Stored data:
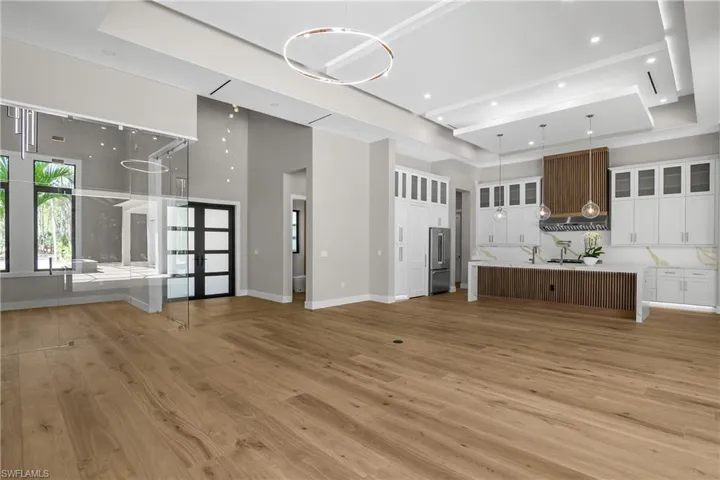 Unfurnished living room featuring light wood-style flooring and a tray ceiling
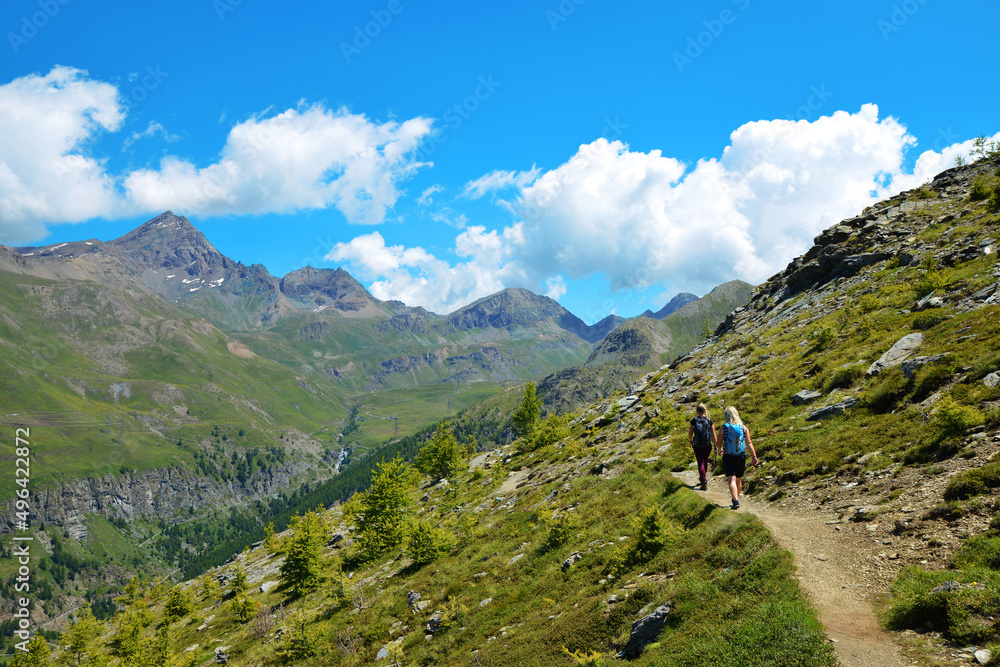 Hikers in the Gran Paradiso National Park. Aosta Valley, Italy. Beautiful mountain landscape in sunny day.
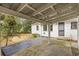 Covered back patio with greenery and patio furniture at 1631 Dresden Ne Dr, Brookhaven, GA 30319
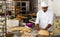 Baker at work - making sweet buns with dough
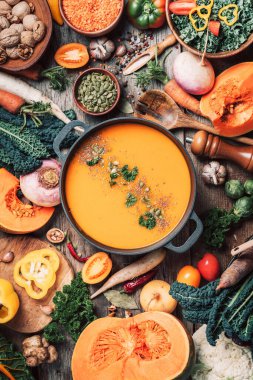 Vejetaryen yemek malzemeli balkabağı çorbası, tahta kaşıklar, ahşap arka planda mutfak aletleri. Üst Manzara. Vejetaryen diyeti. Sonbahar hasadı. Sağlıklı, temiz yemek ve yeme konsepti. Sıfır atık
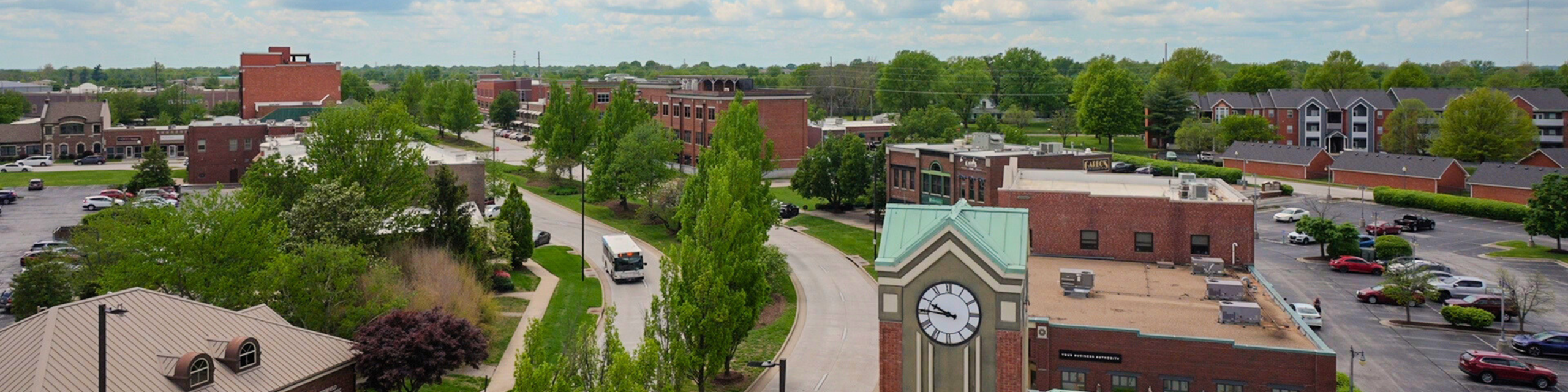 Aerial view of Chesterfield Village in Springfield, Missouri, showcasing a tree-lined street, clock tower, brick office buildings, apartment complexes, and parking areas on a partly cloudy spring day.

* [GOAL OF THE EXERCISE]: Restate word for word every line from the top of the entries above to the line with "Covered back patio", inclusive, and skip any pictures.

* [WORKED SOLUTION]:
 Unfurnished living room featuring light wood-style flooring and a tray ceiling
 Hikers in the Gran Paradiso National Park. Aosta Valley, Italy. Beautiful mountain landscape in sunny day.
 Covered back patio with greenery and patio furniture at 1631 Dresden Ne Dr, Brookhaven, GA 30319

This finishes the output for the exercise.